【2026年】リアルイベント自社開催術|対面の熱を商談につなぐ

この2〜3年で、BtoB集客の景色は静かに入れ替わりました。コロナ禍で標準になったウェビナー一辺倒の運用が踊り場を迎え、展示会の通路に人が戻り、各社が自社主催のセミナーや交流会を相次いで再開しています。ITコミュニケーションズが2025年10月に実施した調査でも、BtoB企業が昨年度に実施した施策の最上位は展示会(52.3%)で、オンラインセミナー(36.7%)を大きく引き離しました。ただし、オンラインの手軽さに慣れた体制のままリアル開催へ踏み出すと、会場費だけが消えて商談が残らないという結末になりがちです。本記事では、リアル回帰の背景を数字で確認したうえで、ウェビナーとの使い分け、開催形式と規模の決め方、規模別の費用目安、3か月前から逆算する準備の段取り、当日運営と事後フォロー、そして企画書や進行台本づくりを生成AIで軽くする方法までを、初めて自社開催に挑む担当者向けに手順で解説します。

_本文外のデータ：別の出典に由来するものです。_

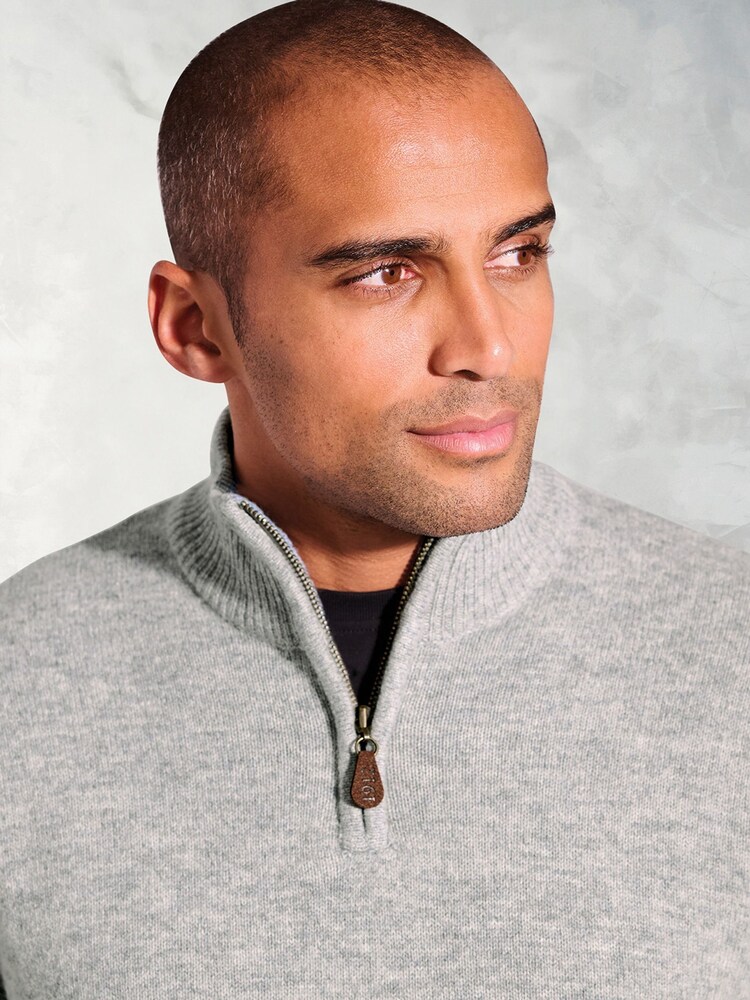 Brook Taverner Grey Lambswool Zip Neck Jumper - Image 2 of 3
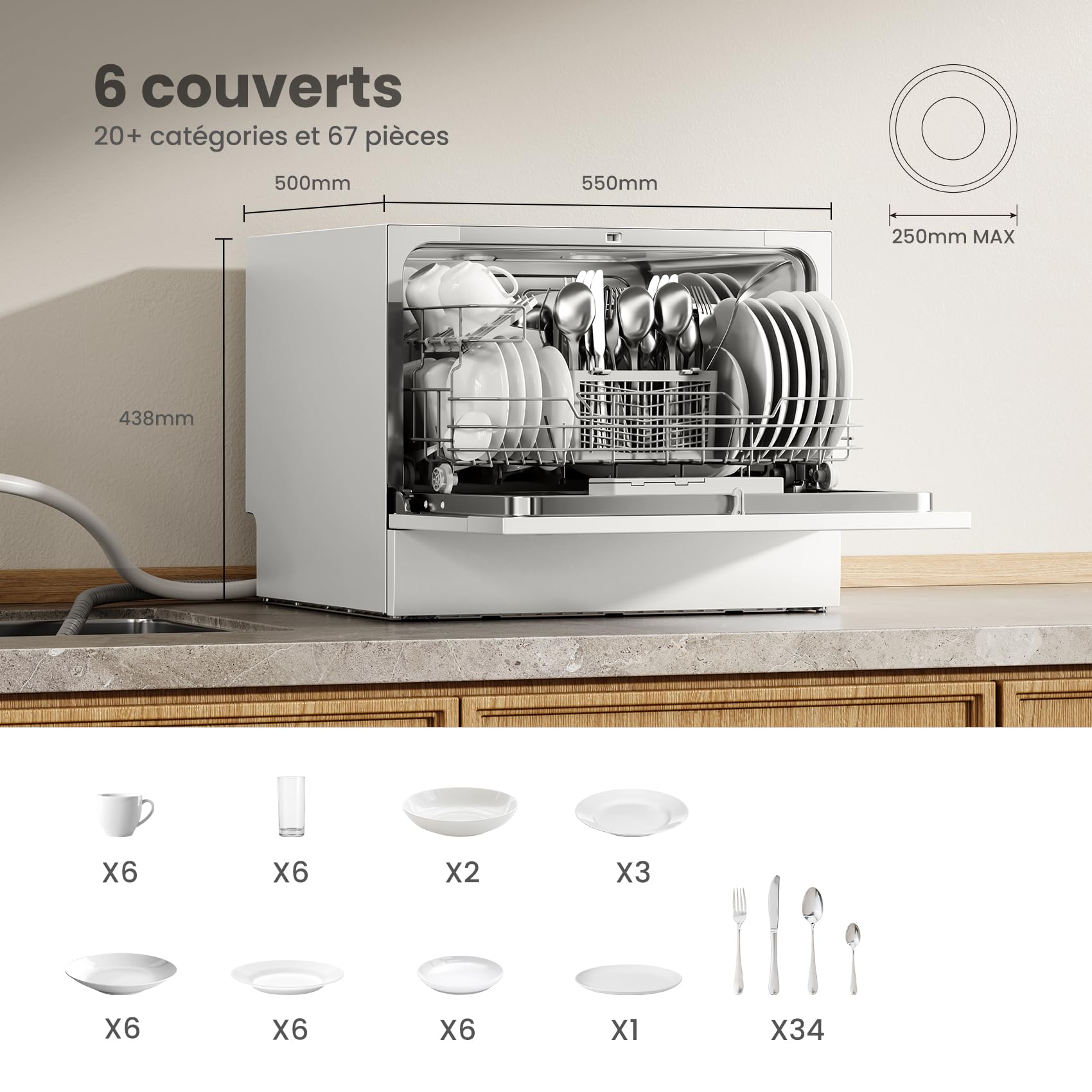 Lave-vaisselle compact TD602E-W 6 couverts 6 programmes écran LED démarrage différé 47 dB consommation eau réduite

カメ先生リアルイベントの自社開催というのは、展示会に出展するのでも他社のイベントに協賛するのでもなく、自分たちで会場を押さえて企画から運営まで担うイベントのことだよ。数十名のセミナーや交流会から、数百名のプライベートカンファレンスまで含まれるんだ。

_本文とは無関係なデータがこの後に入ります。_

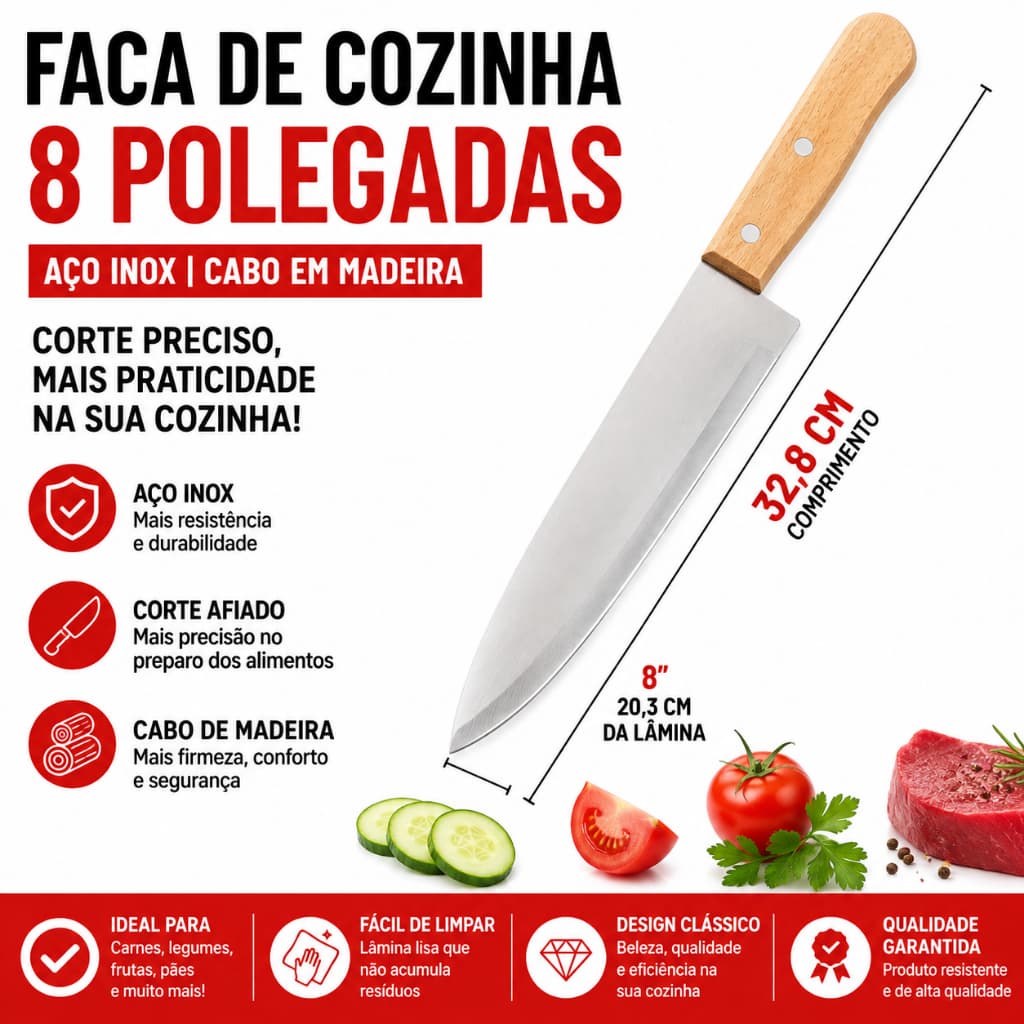 Faca de Cozinha 8 Polegadas Aço Inox Cabo de Madeira Corte Preciso e Resistente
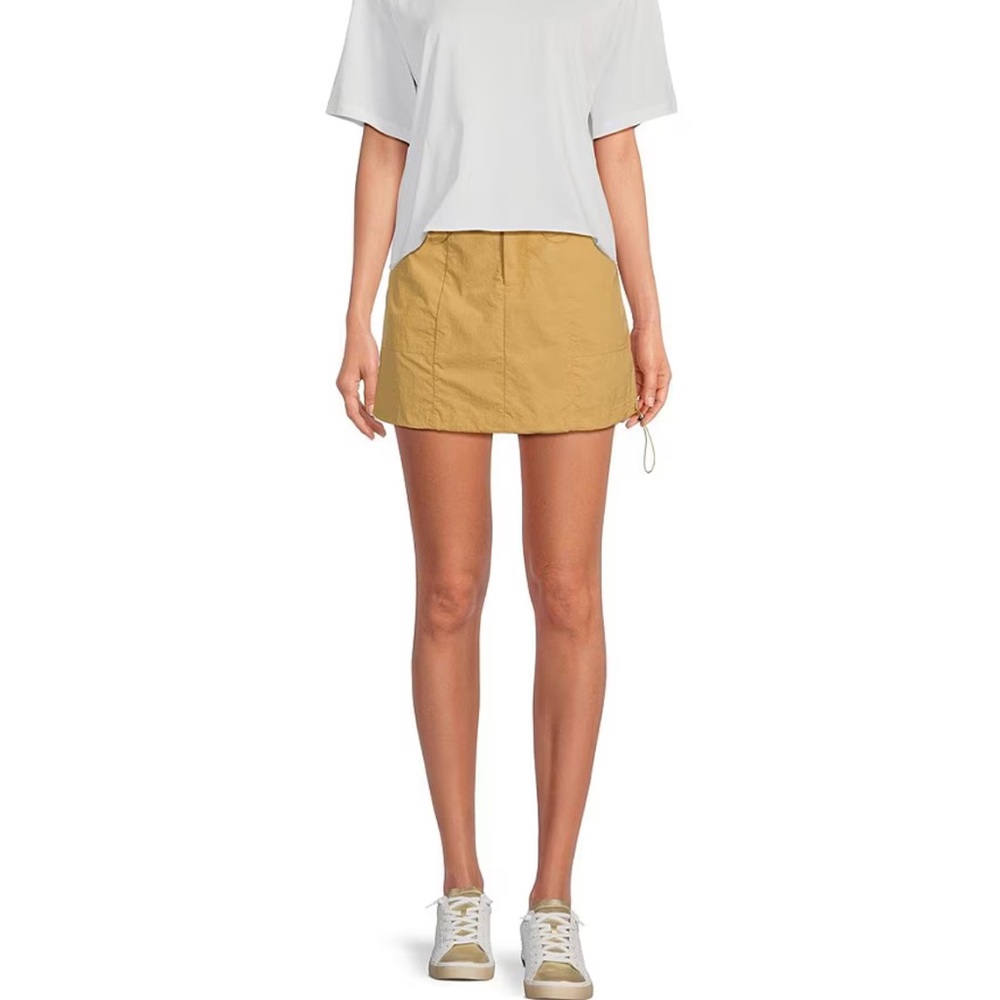 NWT Gianni Bini Freya Tan/Mustard Nylon Cargo Skirt XS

カメ子うちはここ数年ずっとウェビナーばかりでした…。いまさらリアルに戻す意味はあるんでしょうか。移動の手間も会場費もかかりますよね。
カメ先生意味は接点の質にあるんだ。2025年の調査ではBtoB企業の実施施策の1位が展示会に戻っている。画面越しでは得られない雑談や温度感が、信頼づくりと商談化を後押しするからだよ。ウェビナーを捨てるのではなく、役割分担させるのが今の設計だね。
カメ子手軽さのウェビナーと、深さのリアルで分担するんですね。いきなり大きな会は怖いので、まずは小さな規模で自社開催の段取りを組み立ててみます。

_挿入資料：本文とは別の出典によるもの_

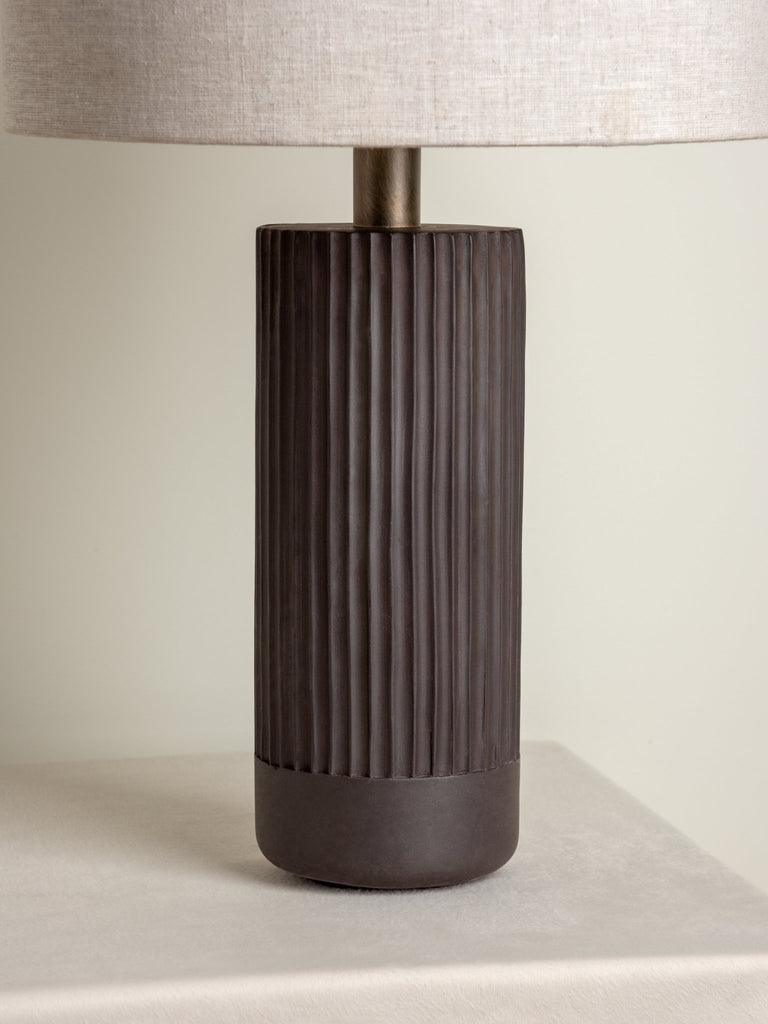 Nitara - Large Chocolate Ribbed Concrete Table Lamp.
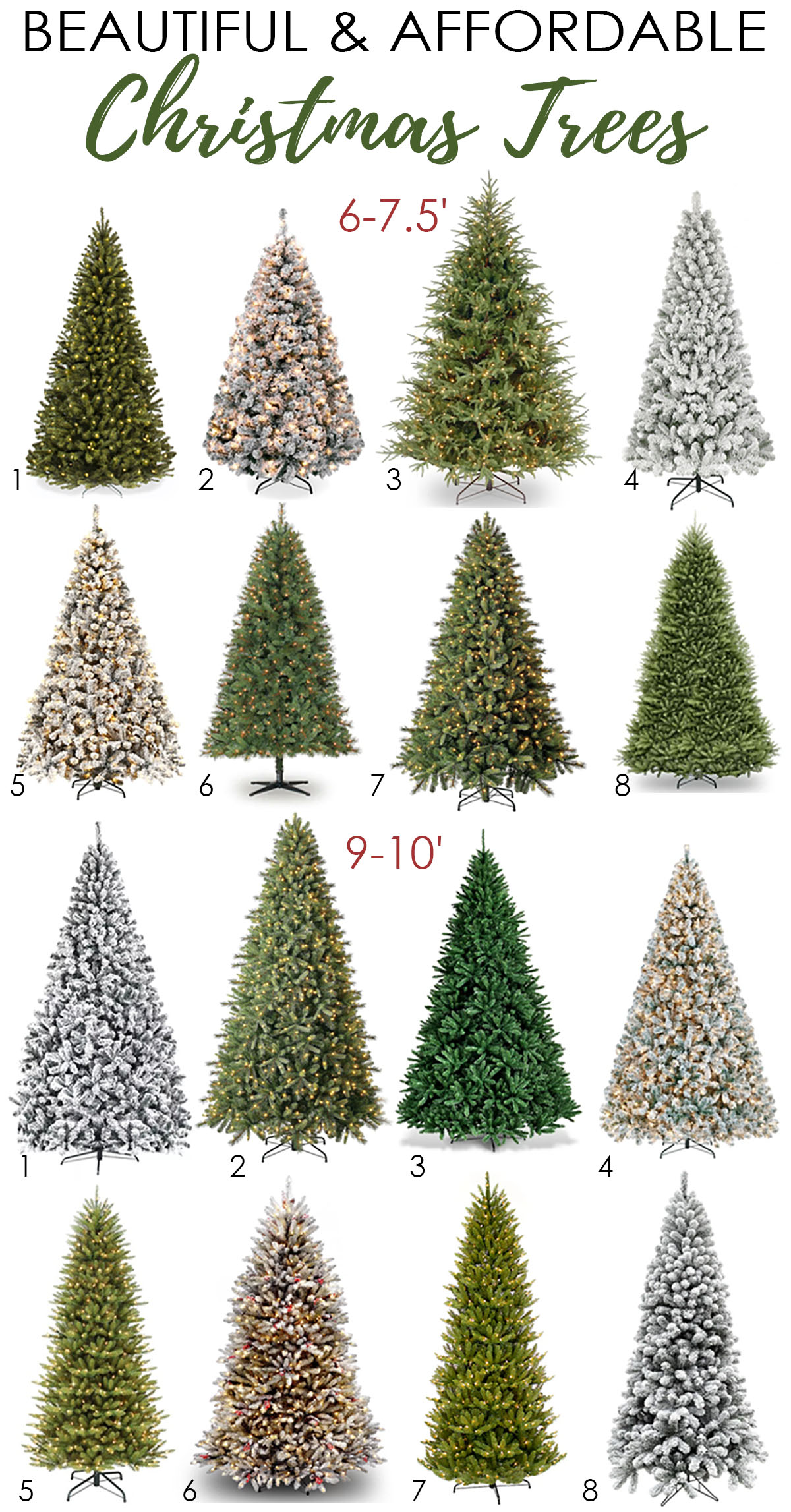 Beautiful artificial Christmas trees to add to your home this holiday season! #ABlissfulNest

- リアル回帰は数字にも表れており、2025年の調査ではBtoB企業の実施施策1位が展示会(52.3%)。ウェビナーとの役割分担が前提になる
- 自社開催はセミナー・ミートアップ・カンファレンスの3形式。費用は20〜50名で10万〜50万円、50〜200名で100万〜500万円が目安
- 成否は当日ではなく、3か月前からの逆算準備と翌日からの事後フォローで決まる。企画書・台本・案内文の下書きは生成AIで軽くできる
ウェビナー全盛の先へ:数字で見るリアル回帰
流れを整理します。2020〜2022年の行動制限期に、BtoBのセミナーは一気にウェビナーへ置き換わりました。転機は制限緩和後です。2023年以降はリアル開催の価値が再評価され、2024年以降は回帰の動きが鮮明になっています。イベント支援会社の解説では、これは単純な揺り戻しではなく、ハイブリッド開催やアーカイブ配信を組み合わせた多層的な設計への移行だと整理されています。オンラインで広く接点を作り、深めたい相手とはリアルで会う。この組み合わせが新しい標準です。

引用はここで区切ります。